Ball from Brady’s last TD going up for auction

The football Tom Brady threw to complete the last touchdown pass of his NFL career is going up for auction with Lelands on Sunday. A fan, who wishes to remain anonymous, caught the ball in the stands and now has a potentially huge pay day on his hands.

With 3:20 left in the divisional playoff game against the Los Angeles Rams, Tampa Bay Buccaneers wide receiver Mike Evans caught a pass from Brady and ran it in for a touchdown to put the Bucs within seven points of L.A.

After Evans scored, he tossed the ball into the crowd, not knowing at the time that it would be the last touchdown pass Brady would throw. Evans also had given away the ball Brady threw to complete his 600th touchdown pass earlier in the season.
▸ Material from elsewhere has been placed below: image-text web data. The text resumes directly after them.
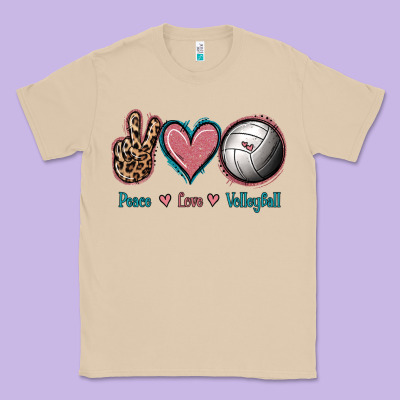Peace Love Volleyball Classic Tee Designed By Jasminsmagicworld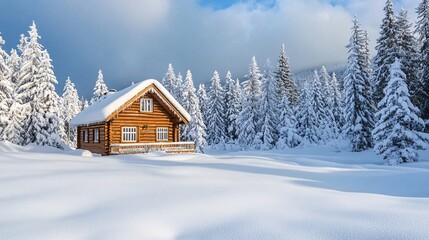 Wooden cabin covered by snow surrounded by snowy fir trees in winter wonderland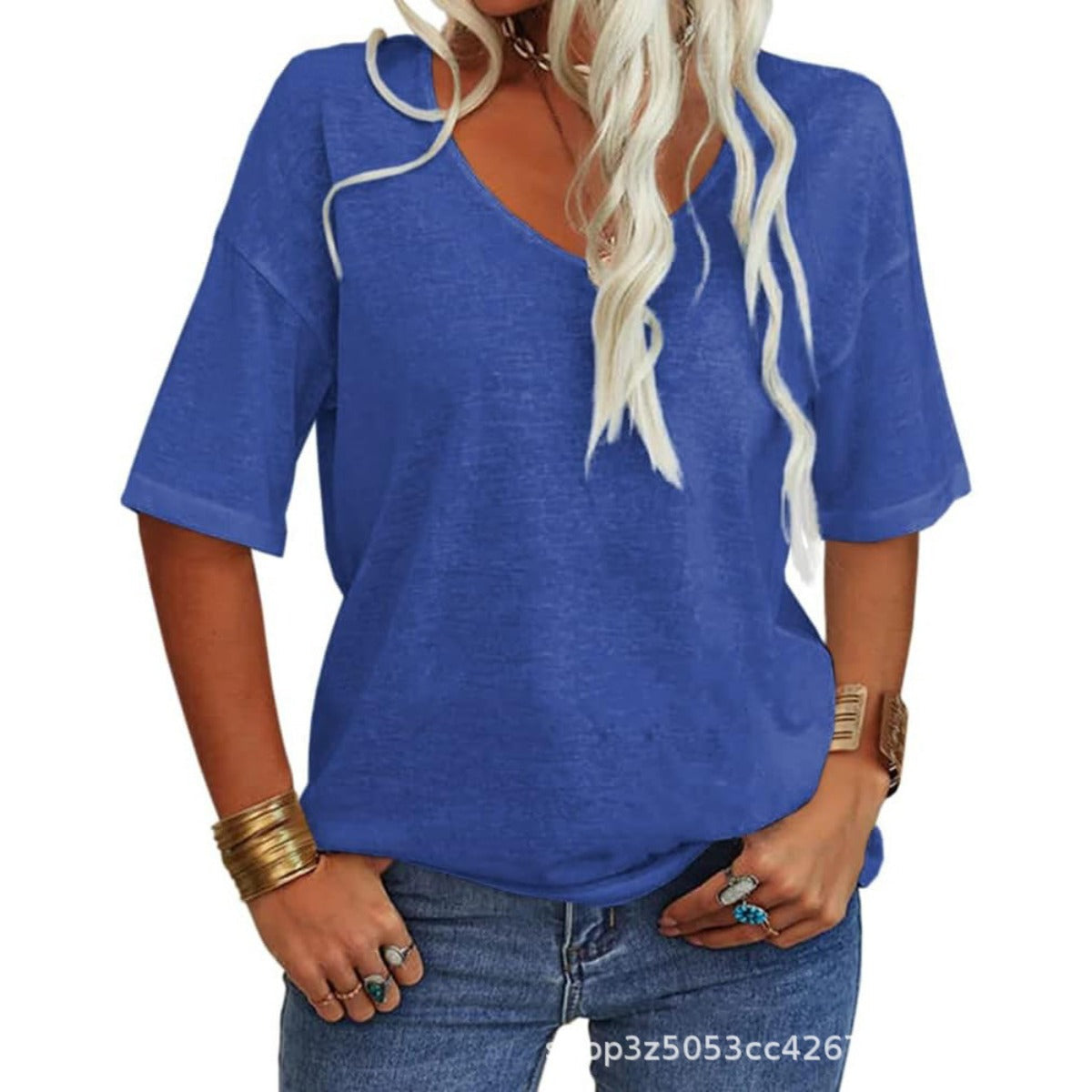 Out-Shine | Loose Shirt With V-Neck And Half Sleeves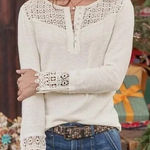 Sundance  White Crochet Lace Henley Top Size M Cotton Cottagecore Photo 0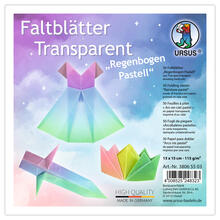 Faltbl�tter Transparentpapier, 15 x 15 cm, 115g/qm, 50 Blatt, Regenbogen Pastell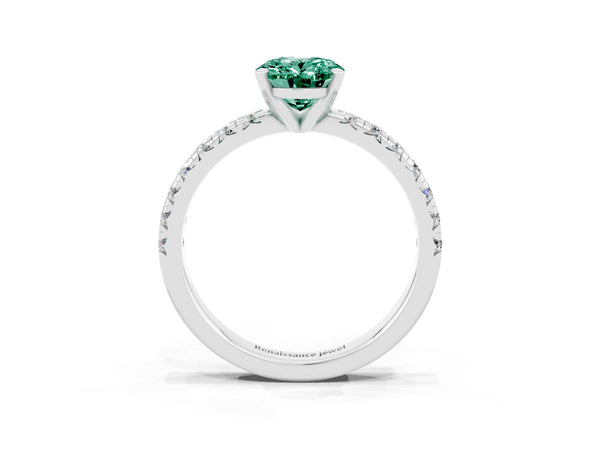 Silver Oval Cut Green Sapphire Solitaire Pavé Engagement Ring with Round Band and Prong Setting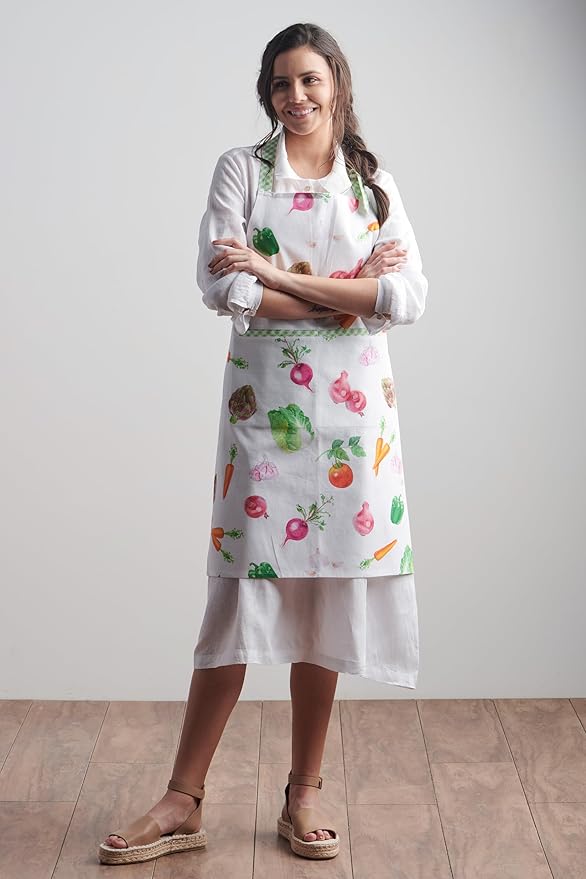 Maison d' Hermine 100% Cotton Apron for women with Pocket Kitchen Chef Apron for Men Cooking Easter Decorations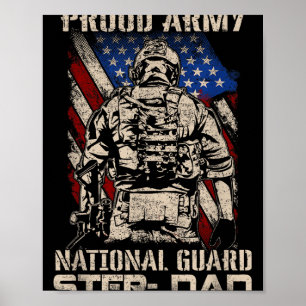 Trotse Nationale Garde Step-dad Shirt Veteranen Poster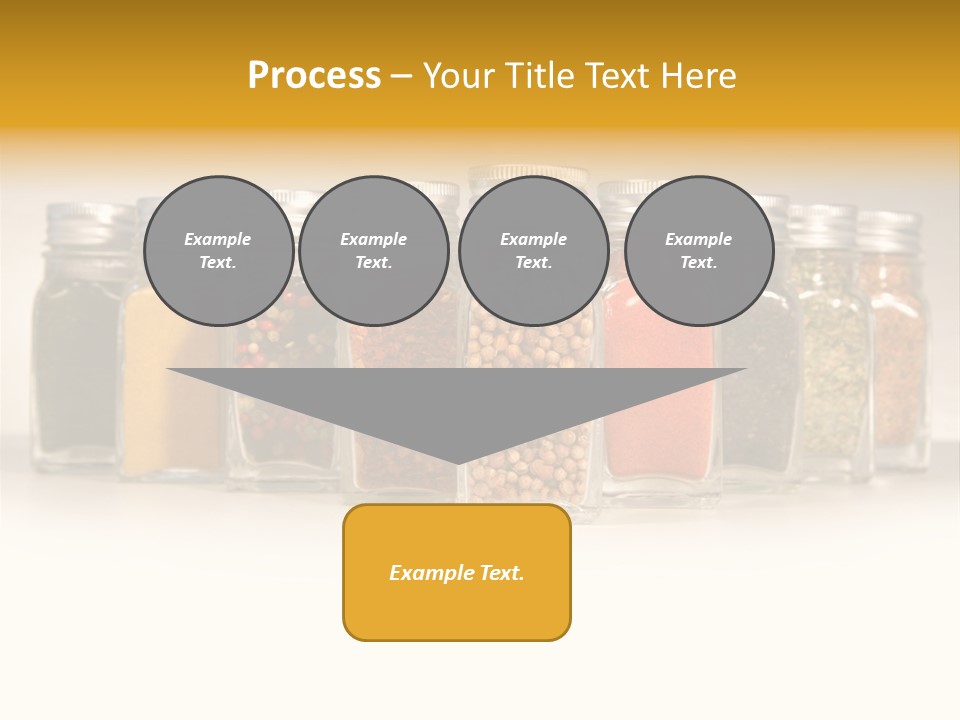 A Row Of Glass Jars Filled With Different Types Of Spices PowerPoint Template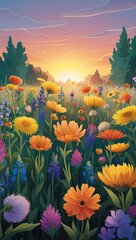 Wall Mural - wildflowers blooming in a meadow during sunri background art design backdrop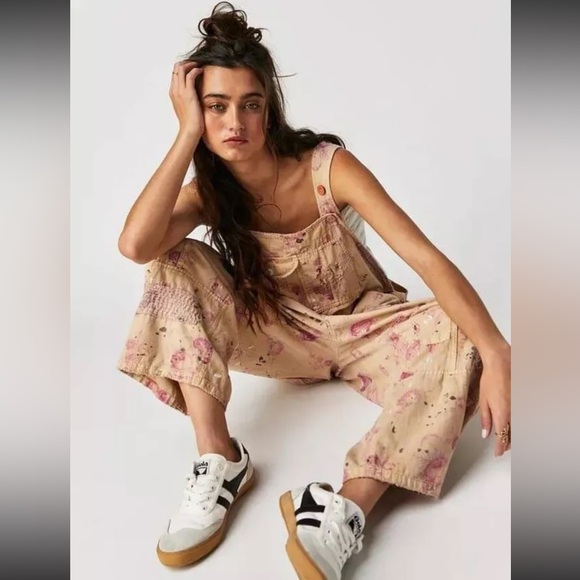 Magnolia Pearl Denim - Magnolia Pearl Free People Floral Print Love Orchid Bloom Overalls One Size NWT
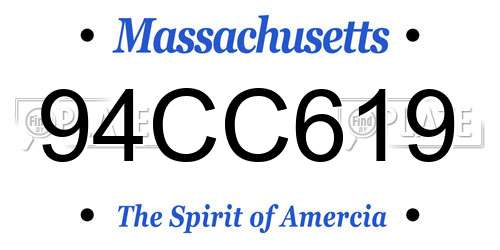 94CC619 Massachusetts License Plate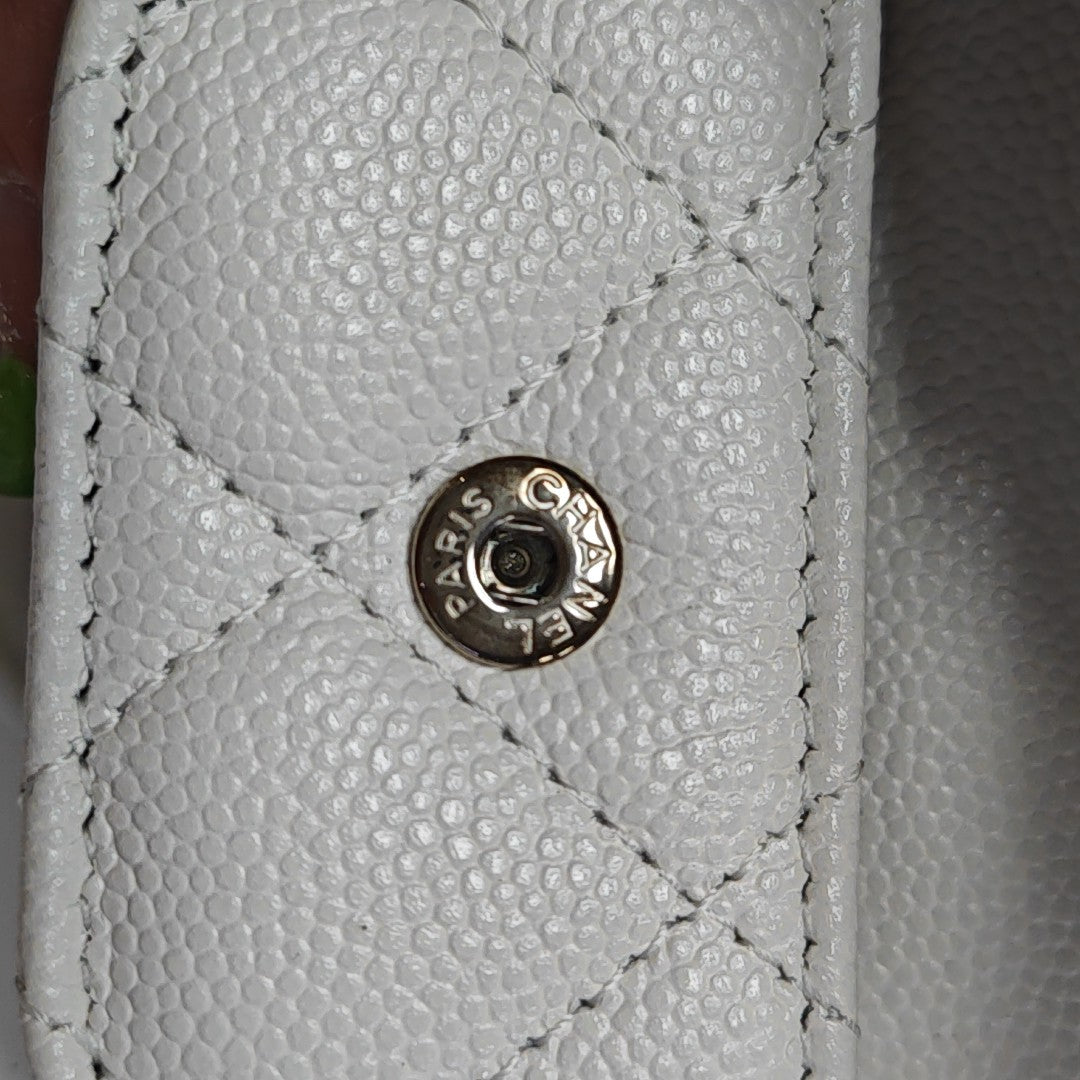 Quilted Grained Calfskin Shoulder Bag White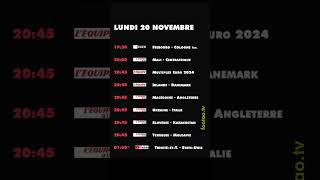 foot à la TV aujourdhui lundi 20 novembre ce soir match direct programme télé diffusion foot TV [upl. by Aivilys]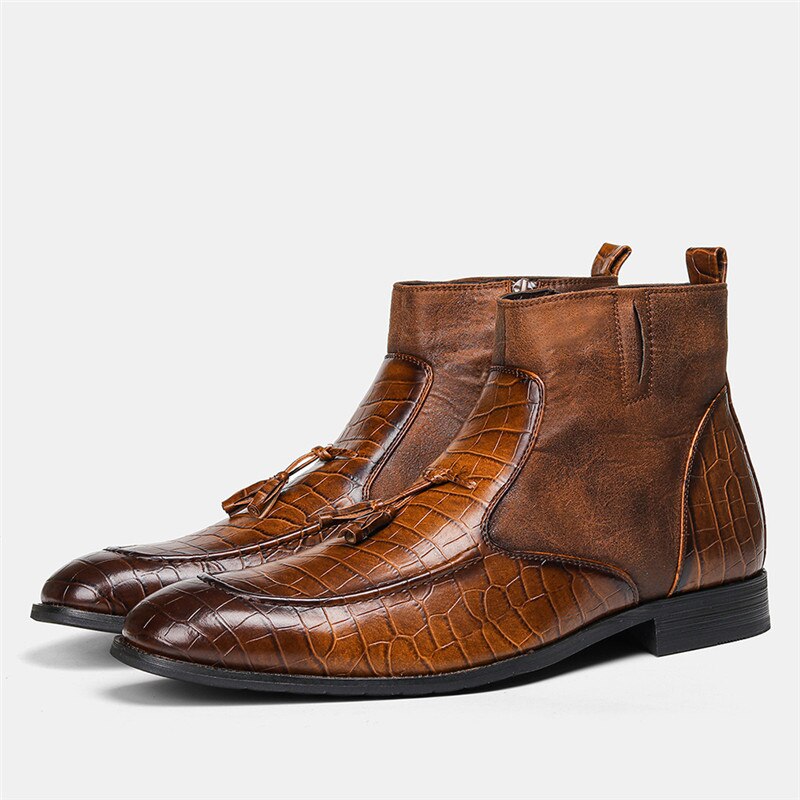 Tendance britannique nouvelle botte pointue à talons bas Chelsea bottes hommes bottes chaussures à talons hauts Cowboy bottes hommes Zapatos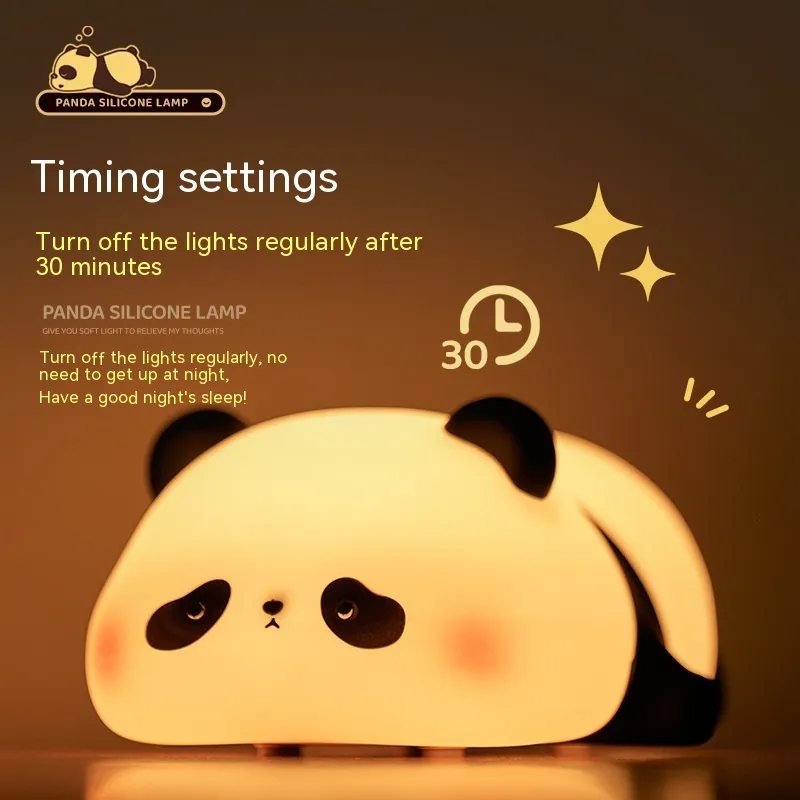 Panda Night Lights For Kids Cute Animal Silicone Timing Rechargeable Lamp Cartoon Panda Bedroom Decoration Kids Boys Girls Gift – image 3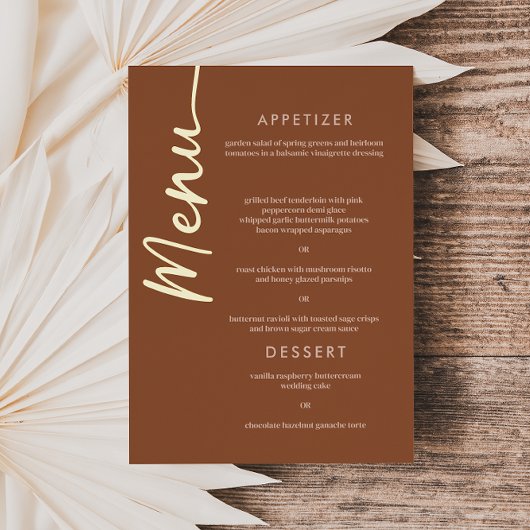 Carte de menu Boho Brown Terracotta Gold Foil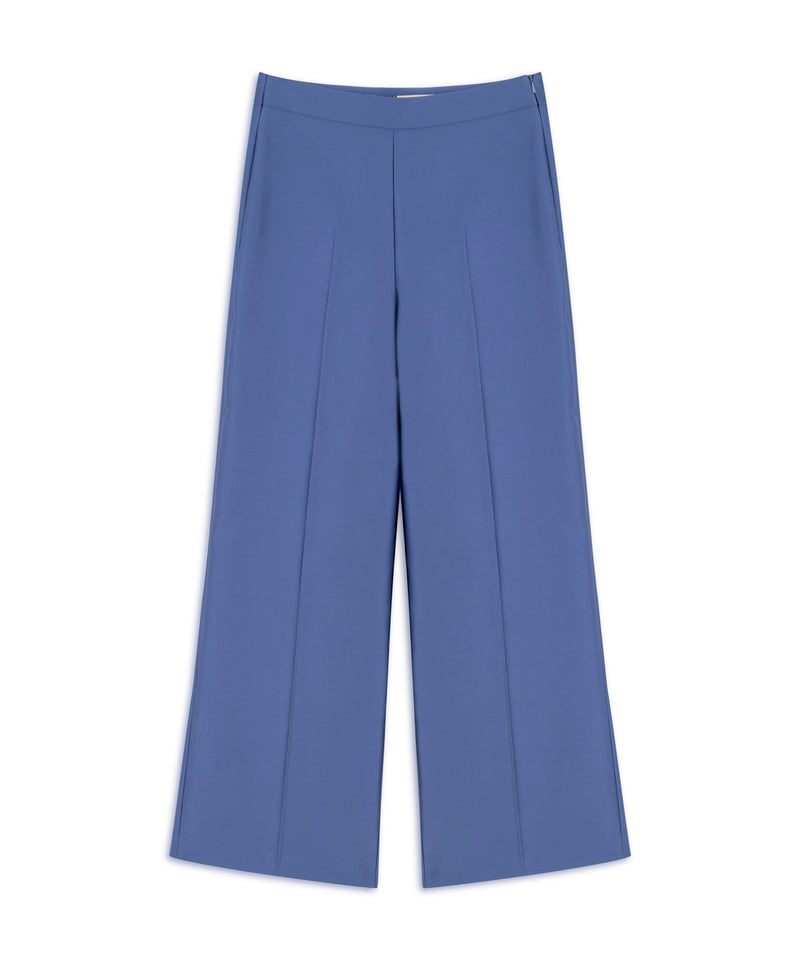 Machka Satin Duchess Wide Leg Fit Trousers Dark Blue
The Bucs’ staff retrieved the 600 ball and rewarded the fan, but no one from the staff asked for the ball back this time around.

“We stayed for the whole game and I just kind of held it like a baby and we watched them come back and lose,” the seller told ESPN. “We stood around for a while while the players walked off the field, then I tucked it in my jacket and we just walked out like normal. Nobody came up to us or anything.”

The seller grew up in Michigan and moved to central Florida three years ago. He and his wife had never been to a Buccaneers game, and it was his wife who talked him into buying tickets.

They bought the tickets Saturday, the day before the game, and at the time they had no idea they would be watching Brady’s final game, let alone catching his final touchdown ball.

Once Evans scored, there was quite a bit of room in the stands as a few fans had left early. Everyone around the seller, including his wife, was cheering and celebrating the touchdown.

“Everybody was screaming, and I’m just standing there, clapping, and the ball hits me pretty much in the chest,” the seller said. “I tucked it in like I was a running back, because I was sure I was going to get tackled by four or five different people to grab the ball, but that never happened. My wife was still cheering and I told her, ‘Look, look, I got the ball.'”

The ball could fetch a significant amount of money. Last June, Lelands sold the football Brady threw to complete his first NFL touchdown for $428,841.

The seller wasn’t aware of the potential value until after Brady announced his retirement. Now that he knows what he has, it’s potentially life-changing money.

“Retirement was the first thing we thought of,” the seller said. “Since then, we thought maybe we don’t retire, but it’s a nice nest egg for when we do. Whatever happens, I would love to have as many people see the football and for it go in the Hall of Fame on display.

“It should go somewhere everybody can enjoy it; it’s a piece of history.”